Unlike many number-driven analyses that businesses tend to conduct, stakeholder analysis also takes qualitative components, such as emotions and attitudes, into consideration. Stakeholder responsibilities are determined beyond just the immediate, day-to-day business functions. With a mid to long-term outlook in mind, stakeholder analysis tries to envision the potential impact, positive or negative, that particular stakeholders could have over project outcomes and even beyond.

Slide highlights

Analysis process

The stakeholder analysis process first identifies the key stakeholders involved across a project. These are the main participants in the project, the main parties interested in the project, and individuals who might be affected by it, with or without active involvement. These individuals or entities are then classified as internal vs external stakeholders.

After the stakeholders have been identified, connect the dots and place them in the context of your general project blueprint. Which part of the project process will each of them be involved in or affected by? How will they connect or disconnect from one another throughout that process?

Then, evaluate and analyze. This includes how stakeholders play into project specifics and business objectives and expectations.

Lastly, decide the future measures to implement based on the risks, threats and opportunities discovered from your analysis. Perform any analysis on the possible consequences, then measure whether or not to make changes to them. (Slide 3)

Type of stakeholders

Internal stakeholders are members within the organization. They can be C-level executives, leadership team, employees, etc. The right side of this slide lists some common examples for each type of stakeholder. When developing your project, feel free to also replace them with actual names of individuals or organizations.

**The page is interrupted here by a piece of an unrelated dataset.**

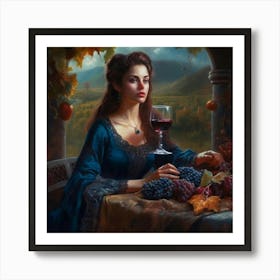 Woman With A Glass Of Wine Art Print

Connected stakeholders are individuals that hold an economic or contractual relationship to the organization. These could be ongoing business relationships, strategic partners, shareholders, suppliers and distributors, lenders and financiers, or retailers.

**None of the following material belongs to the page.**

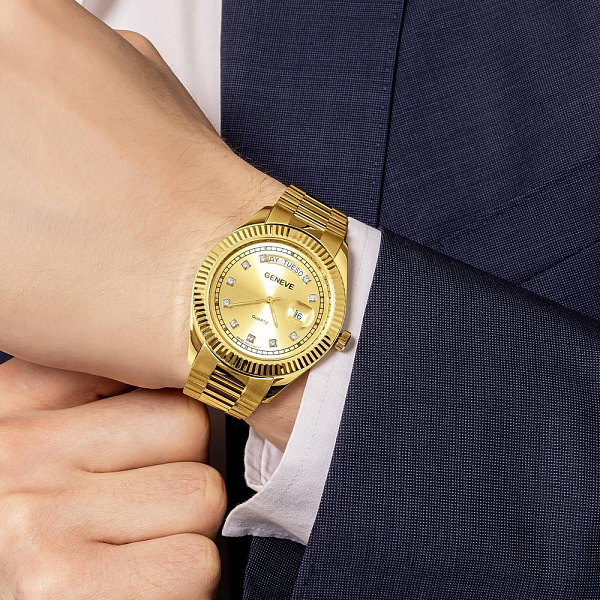 Кварцовий годинник з жовтого золота (арт. 260249жж) – зображення 3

As opposed to internal stakeholders, external stakeholders are those who aren't directly involved with the organization, but their preferences and reactions to the organization's business decisions and trajectory can sometimes be very influential. On a macro level, this could be the government, as it has the capability to pass rules and regulations that directly affect the company, advocacy groups to promote or denounce the company, media organizations and how they portray the company, or social communities that are locally or internationally engaged.

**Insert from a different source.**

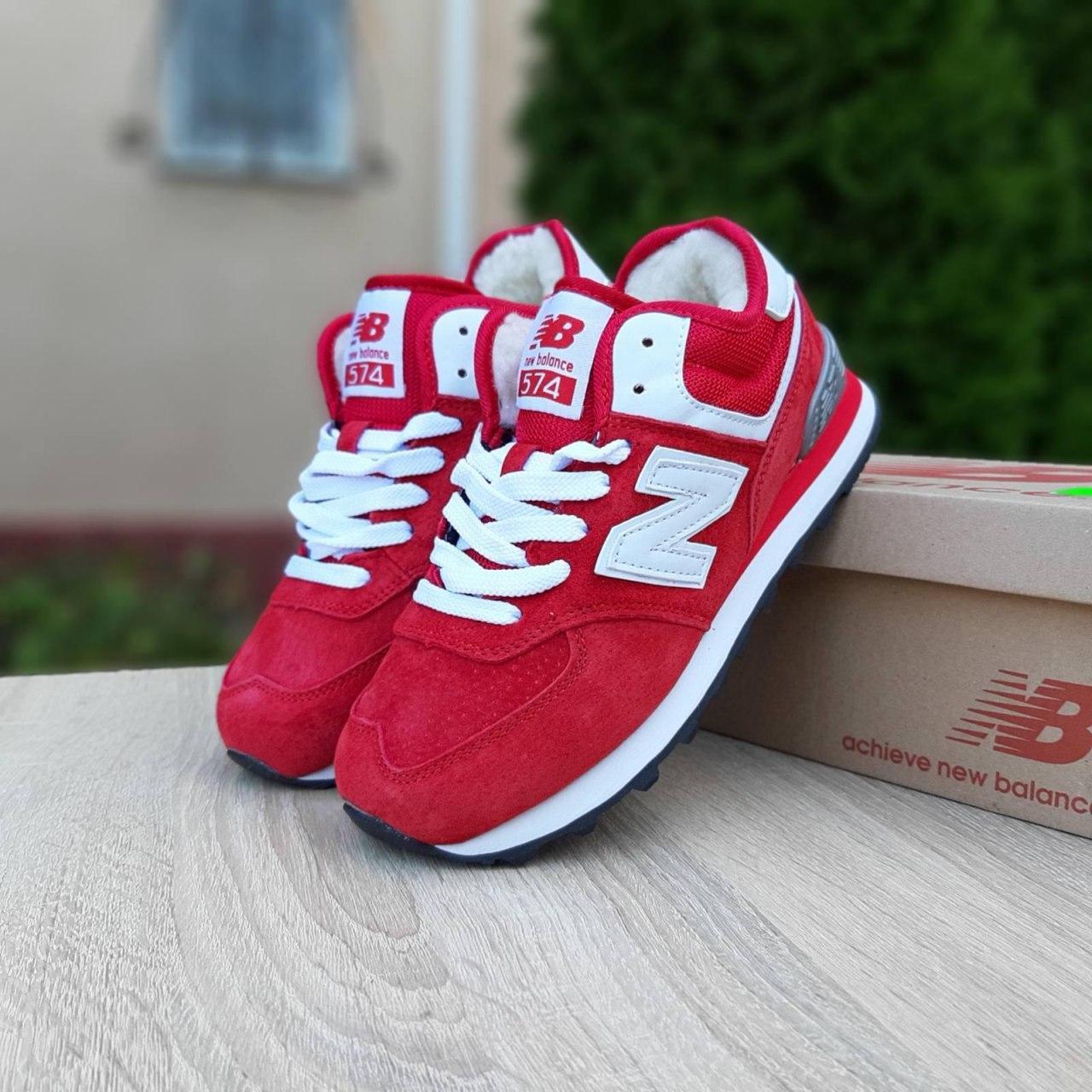 

Зимние женские кроссовки New Balance 574 красные белая N, Красный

Customers could be external stakeholders. For example, maybe the end goal of a project is to lower the cost of a core product. Although the clients are not actively involved in pricing strategies or development, they will be the first in line to be affected. Let's say the price decrease made customers happier and feel more inclined to shell out their money, that would increase your sales and revenues. and the company could reach better profitability in the end. (Slide 5)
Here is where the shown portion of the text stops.